==== Material shown ====

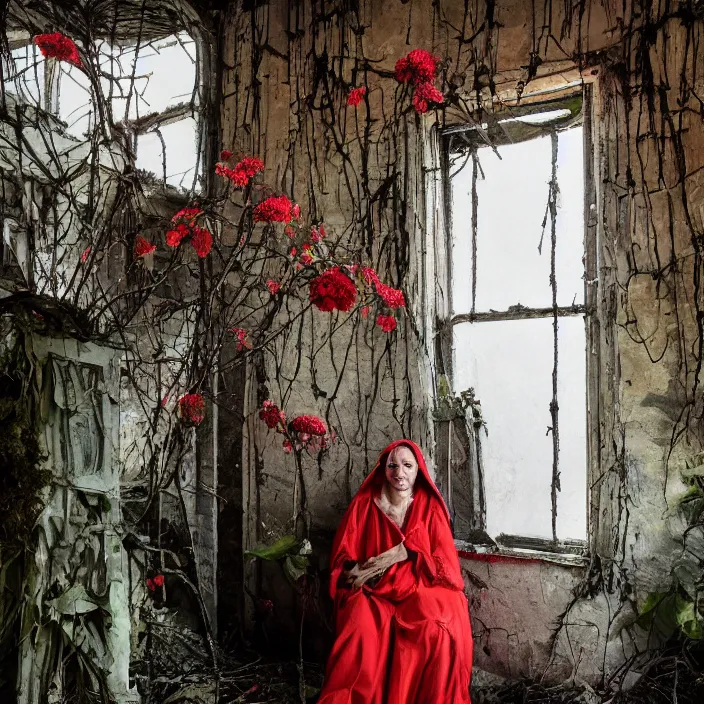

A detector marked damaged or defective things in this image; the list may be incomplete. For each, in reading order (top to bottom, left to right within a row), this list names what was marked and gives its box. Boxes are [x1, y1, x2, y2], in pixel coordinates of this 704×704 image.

broken window frame [440, 86, 592, 560]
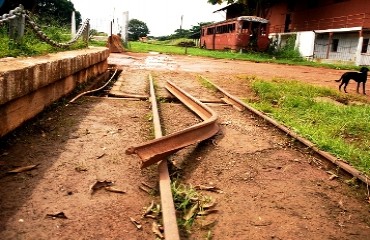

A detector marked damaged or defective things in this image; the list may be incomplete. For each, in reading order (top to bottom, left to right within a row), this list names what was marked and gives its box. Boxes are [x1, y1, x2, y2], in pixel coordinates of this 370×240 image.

bent rail [126, 79, 220, 168]
rusty rail track [127, 79, 220, 168]
rusty rail track [201, 76, 368, 185]
bent rail [202, 76, 370, 185]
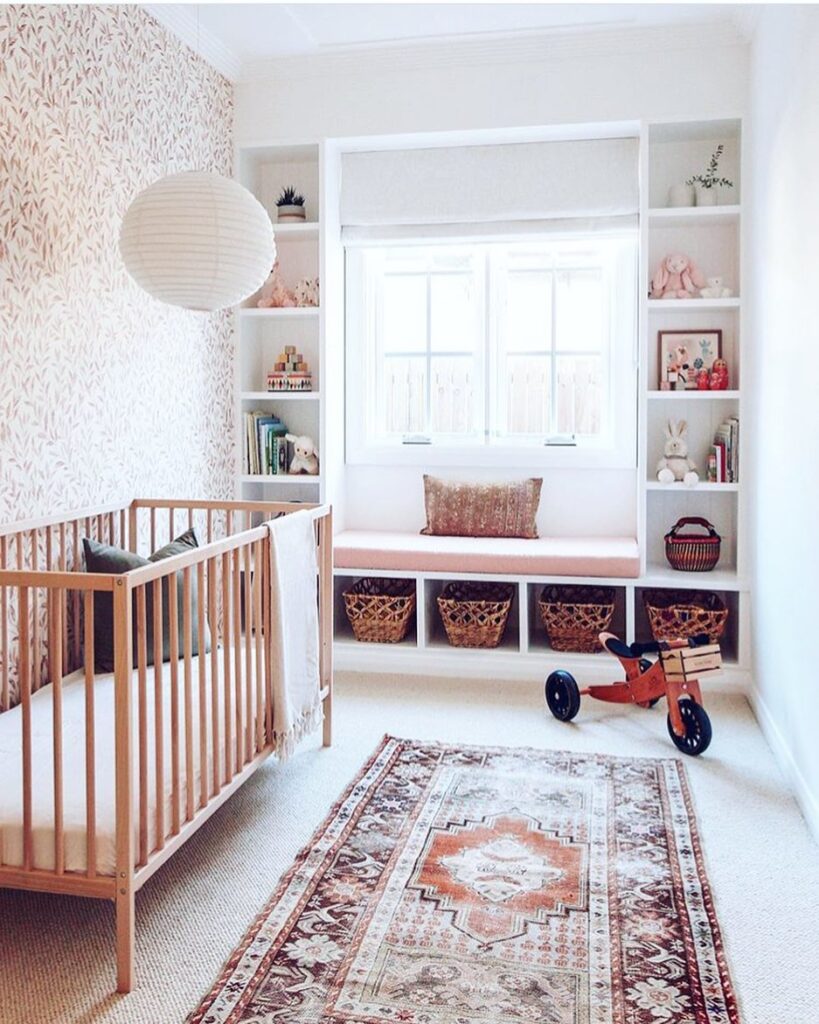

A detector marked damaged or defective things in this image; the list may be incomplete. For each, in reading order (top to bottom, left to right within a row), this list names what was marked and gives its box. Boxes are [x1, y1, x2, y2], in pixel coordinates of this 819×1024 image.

rust patterned lumbar pillow [421, 475, 544, 540]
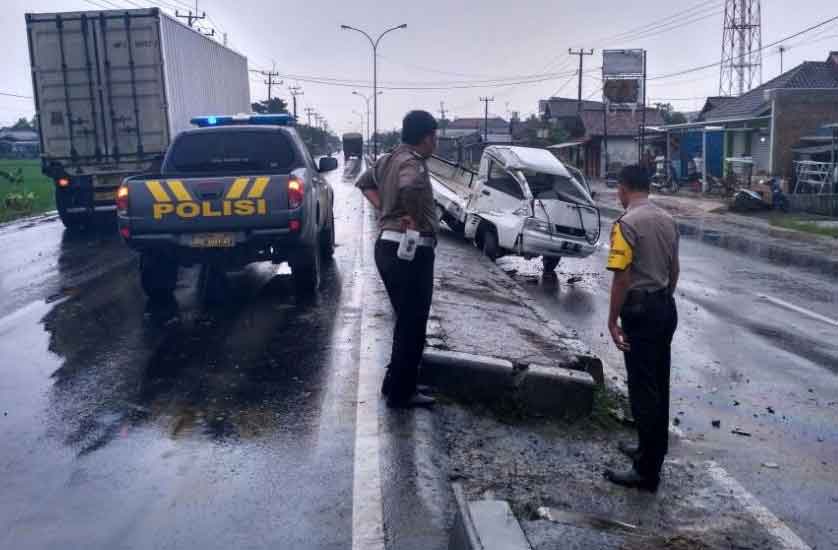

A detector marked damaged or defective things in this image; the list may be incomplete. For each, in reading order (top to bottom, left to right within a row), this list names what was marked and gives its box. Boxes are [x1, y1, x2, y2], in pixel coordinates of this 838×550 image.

wrecked white pick-up truck [430, 146, 600, 272]
damaged truck cab [430, 147, 600, 272]
broken windshield [520, 170, 592, 205]
wrecked truck wheel [140, 253, 178, 302]
wrecked truck wheel [482, 229, 502, 264]
wrecked truck wheel [540, 256, 560, 274]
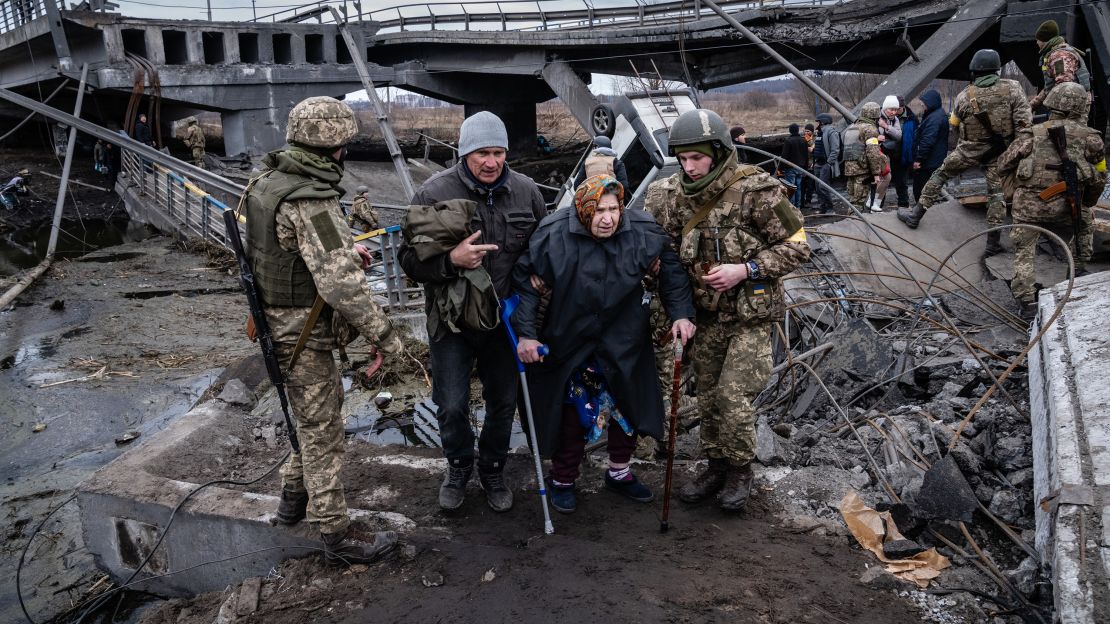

====

### Task
Make an exact copy of the data above, pictures excluded.

### Written solution
A detector marked damaged or defective things in this image; the list may be incomplete. For each, in reading order (top to bottom, left to right within a row), this list names what was marked and gives its box. Boxes are [x1, y1, x2, y2], in pixel coordinates of this 704×704 image.

broken window frame [440, 86, 592, 560]

A detector marked damaged or defective things in this image; the list may be incomplete. For each, in reading order (top to bottom, left to right within a row), this list names what was marked and gives its box. Boxes are [x1, y1, x2, y2], in pixel coordinates of this 370×240 image.

bent rail [126, 79, 220, 168]
rusty rail track [127, 79, 220, 168]
rusty rail track [201, 76, 368, 185]
bent rail [202, 76, 370, 185]

A detector marked damaged or defective things in this image; the list may be incomplete. For each, in reading order (top to bottom, left to right within a row), this list names what was marked and gives its box. Boxes are [x1, y1, x2, y2], in pixel coordinates of this 819×1024 image.

rust patterned lumbar pillow [421, 475, 544, 540]

A detector marked damaged or defective things in this image; the list may be incomplete. For each, in reading order (top to bottom, left to right within a row), this list names what was marked and gives its box. Boxes are [x1, y1, x2, y2], in pixel coordinates of this 838×550 image.

wrecked white pick-up truck [430, 146, 600, 272]
damaged truck cab [430, 147, 600, 272]
broken windshield [520, 170, 592, 205]
wrecked truck wheel [140, 253, 178, 302]
wrecked truck wheel [482, 229, 502, 264]
wrecked truck wheel [540, 256, 560, 274]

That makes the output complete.